Recommenders
Best Practices on Recommendation Systems
Install / Use
/learn @recommenders-team/RecommendersREADME
What's New (April, 2025)
We reached 20,000 stars!!
We are happy to announce that we have reached 20,000 stars on GitHub! Thank you for your support and contributions to the Recommenders project. We are excited to continue building and improving this project with your help.
Check out the release Recommenders 1.2.1!
We fixed a lot of bugs due to dependencies, improved security, reviewed the notebooks and the libraries.
Introduction
Recommenders objective is to assist researchers, developers and enthusiasts in prototyping, experimenting with and bringing to production a range of classic and state-of-the-art recommendation systems.

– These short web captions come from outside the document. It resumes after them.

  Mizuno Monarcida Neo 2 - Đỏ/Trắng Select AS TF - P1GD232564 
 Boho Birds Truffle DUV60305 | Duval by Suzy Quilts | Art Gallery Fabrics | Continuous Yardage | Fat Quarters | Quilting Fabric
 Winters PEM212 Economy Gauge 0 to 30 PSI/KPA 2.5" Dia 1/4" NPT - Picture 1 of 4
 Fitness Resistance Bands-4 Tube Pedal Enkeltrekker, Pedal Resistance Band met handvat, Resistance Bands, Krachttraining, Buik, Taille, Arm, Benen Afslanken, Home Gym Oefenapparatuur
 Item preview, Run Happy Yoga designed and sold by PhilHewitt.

Recommenders is a project under the Linux Foundation of AI and Data.
This repository contains examples and best practices for building recommendation systems, provided as Jupyter notebooks. The examples detail our learnings on five key tasks:
- Prepare Data: Preparing and loading data for each recommendation algorithm.

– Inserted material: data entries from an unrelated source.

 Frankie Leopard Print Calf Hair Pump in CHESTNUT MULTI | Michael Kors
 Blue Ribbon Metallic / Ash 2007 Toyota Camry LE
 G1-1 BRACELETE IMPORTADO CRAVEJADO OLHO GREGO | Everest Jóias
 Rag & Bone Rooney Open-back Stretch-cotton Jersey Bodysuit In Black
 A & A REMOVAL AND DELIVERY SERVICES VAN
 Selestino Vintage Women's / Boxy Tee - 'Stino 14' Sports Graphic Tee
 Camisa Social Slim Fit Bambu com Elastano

- Model: Building models using various classical and deep learning recommendation algorithms such as Alternating Least Squares (ALS) or eXtreme Deep Factorization Machines (xDeepFM).
- Evaluate: Evaluating algorithms with offline metrics.
- Model Select and Optimize: Tuning and optimizing hyperparameters for recommendation models.
- Operationalize: Operationalizing models in a production environment on Azure.
Several utilities are provided in recommenders to support common tasks such as loading datasets in the format expected by different algorithms, evaluating model outputs, and splitting training/test data. Implementations of several state-of-the-art algorithms are included for self-study and customization in your own applications. See the Recommenders documentation.
For a more detailed overview of the repository, please see the documents on the wiki page.
For some of the practical scenarios where recommendation systems have been applied, see scenarios.
Getting Started
We recommend uv for environment management (10-100x faster than conda/pip), and VS Code for development. To install the recommenders package and run an example notebook on Linux/WSL:
# 1. Install gcc if it is not installed already. On Ubuntu, this could done by using the command
# sudo apt install gcc
# 2. Install uv (if not already installed)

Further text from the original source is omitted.